1.2.4 Failures detected by HA Monitor
This subsection explains the failures that are detected by HA Monitor.
HA Monitor performs hot-standby switchover when detecting server failures that occur on servers, host failures that occurs on hosts, or resource failures that occur on resources (LANs or disks).
- Organization of this subsection
(1) Range of monitoring performed by HA Monitor
To detect server failures, host failures, and resource failures, HA Monitor monitors the following items:
-
Servers
-
Hosts
-
Resources (LANs and disks#)
#: System disks and disks for business use are monitored.
The following figure shows the range of monitoring performed by the HA Monitors in the system configuration.
(2) Server failures
Server failures can be classified as those that the server itself detects and those that the server cannot detect.
(a) Failures that the server itself detects
Failures that the server detects include the following:
-
Server's own logical errors
-
Any status that disables server operation because of a failure in a resource (such as a disk device)
In the event of a failure that the server itself detects, the server notifies HA Monitor of the failure and terminates abnormally. The HA Monitor that receives the failure notification executes hot standby. During hot standby processing, the standby server uses its own recovery function based on the inherited information to restart operation and inherits job processing.
(b) Failures that the server cannot detect
Failures that the server cannot detect include server slowdown.

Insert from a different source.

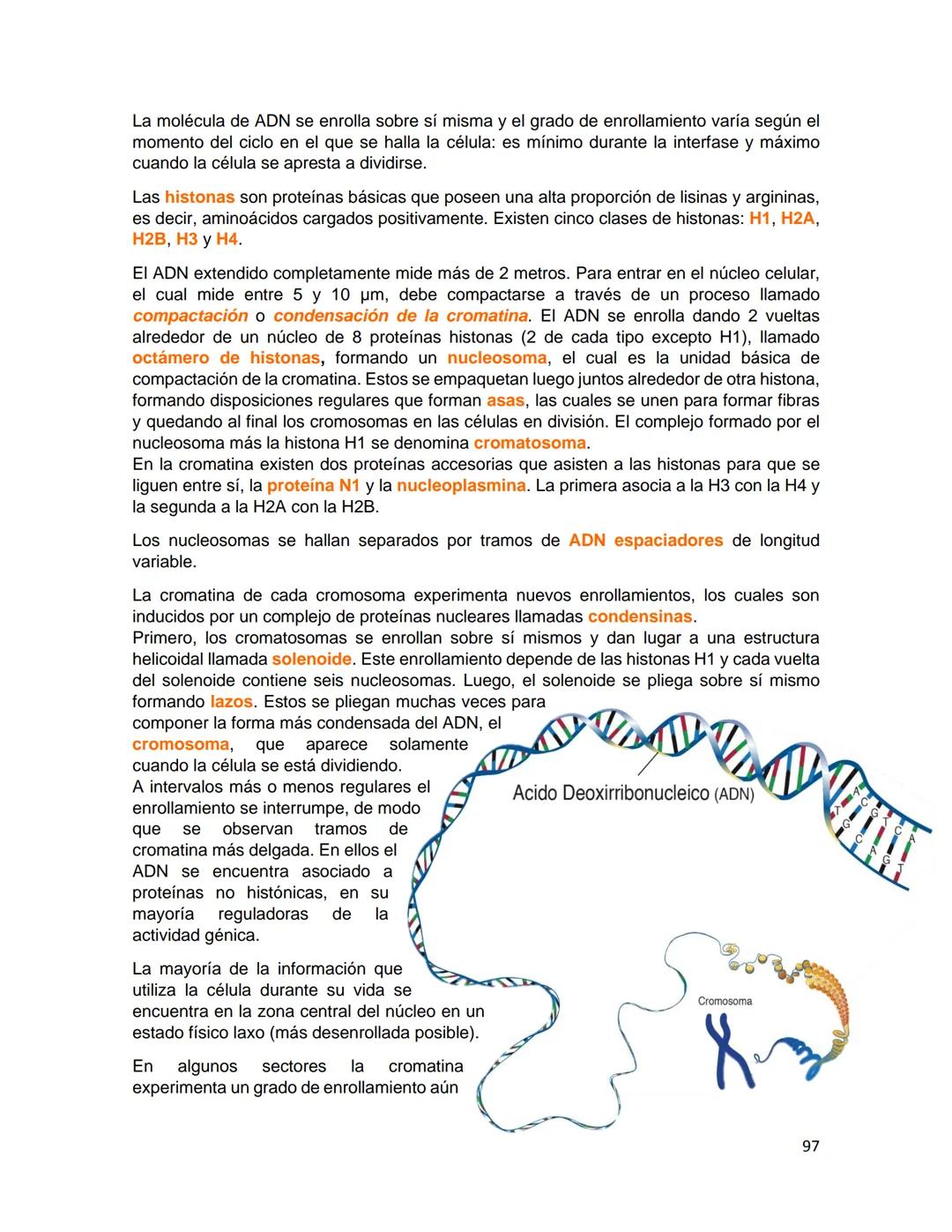 Generalidades de los
fenómenos biologicos
El universo comenzó, según teorías actuales, con una gran explosión o "Big Bang". Antes
de esta ex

HA Monitor detects the failures that the server itself cannot detect. When HA Monitor detects such a failure, it terminates the erroneous server and then executes hot standby.

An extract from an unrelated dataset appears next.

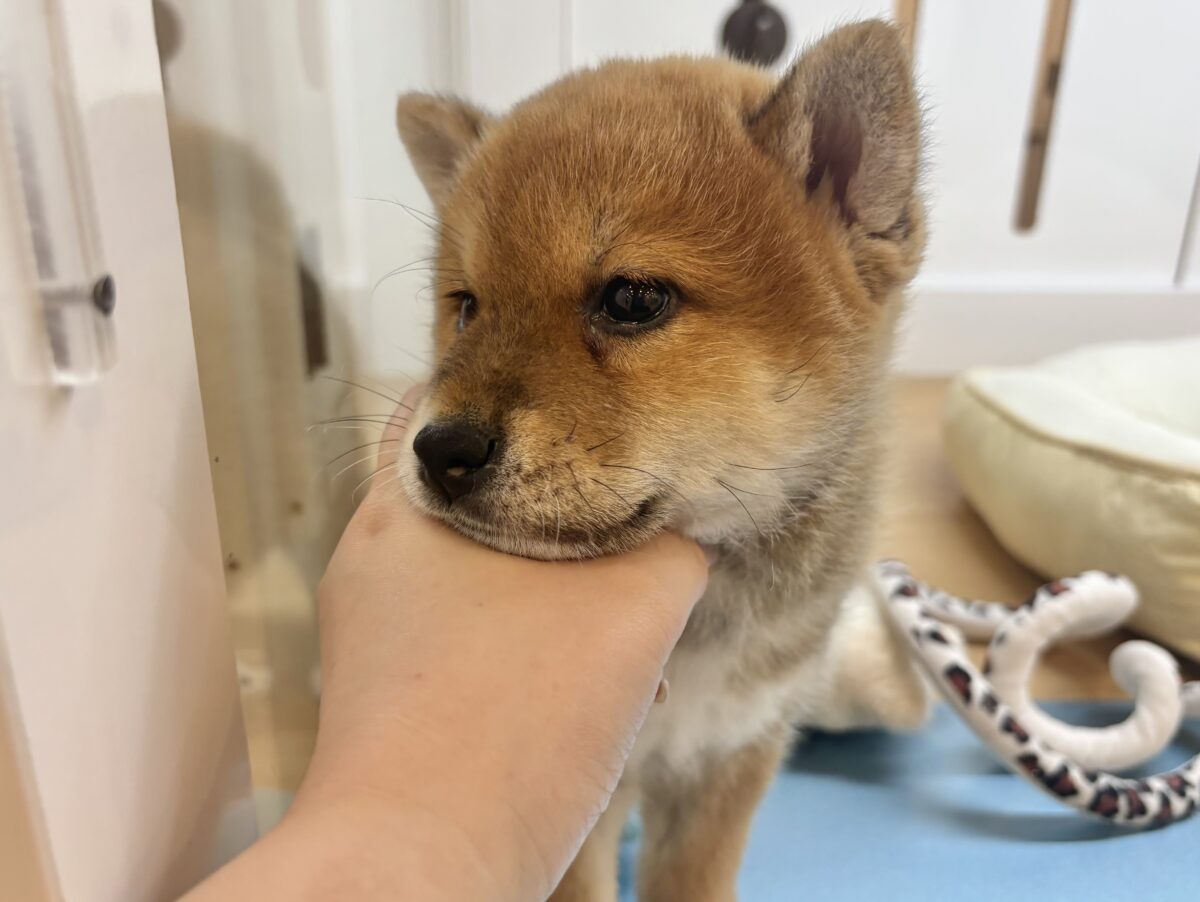 柴犬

(c) Difference in detectable server failures depending on the server operating mode
Detectable failures depend on whether the server is running in the server mode or the monitor mode. The following table shows the server failure detection methods and their availability in each server operating mode.
Detection method |
Server mode |
Monitor mode |
---|---|---|
The server detects the failure and notifies HA Monitor. |
Y |
Y (Creation of a server monitoring command is required#1) |
HA Monitor monitors the server and detects failures. |
Y |
N#2 |
- Legend:
-
Y: Can be detected
N: Cannot be detected
- #1
-
In the monitor mode, in order to have HA Monitor perform the hot standby operations automatically in the event of a failure that the server itself can detect, you must create a server monitoring command. For details, see 3.2.1 Monitoring a server in the monitor mode (for the active server). Note that when you use the monitor-mode program management function to monitor UAPs, there is no need to implement UAP monitoring processing in the server monitoring commands. For details, see 3.6.1 Monitoring UAPs.
- #2
-
You can use the monitor-mode program management function to monitor UAPs.
(3) Host failures
Host failures occur on the portion of the host that is not the server. HA Monitor assumes that a host failure occurred upon disruption of alive messages. Host failures include the following:
-
Host's hardware failures or power failures
If dual hardware (such as processors and disks) is employed by using functionalities such as OS functions, reduced operation of a single hardware unit is not treated as a host failure.
-
Kernel failures
-
HA Monitor failures
-
Failures on all monitoring paths
-
Host slowdown
If any of the preceding failures disable communications through all monitoring paths or are reported by the failure management processor, HA Monitor detects a host failure, terminates the erroneous host, and then executes hot-standby switchover.
(4) Resource failure
A failure that occurs on a hardware component in the system is called a resource failure. HA Monitor performs a hot-standby switchover when detecting any of the following failures:
-
LAN failure
-
Disk failure
When HA Monitor detects a LAN failure or disk failure, it switches the active host by planned hot-standby switchover or by host pair shutdown, in the same way as when a server failure or host failure is detected.
(a) LAN failure
A failure that occurs on a LAN is called a LAN failure. HA Monitor can detect a LAN failure by monitoring whether communication is possible over the LAN. For details, see 3.4.1 LAN monitoring and automatic hot standby in the event of a failure.
(b) Disk failure
A failure that occurs on a disk is called a disk failure. HA Monitor can detect a disk failure by monitoring whether a write to the disk is possible. For details, see 3.4.2 Disk monitoring.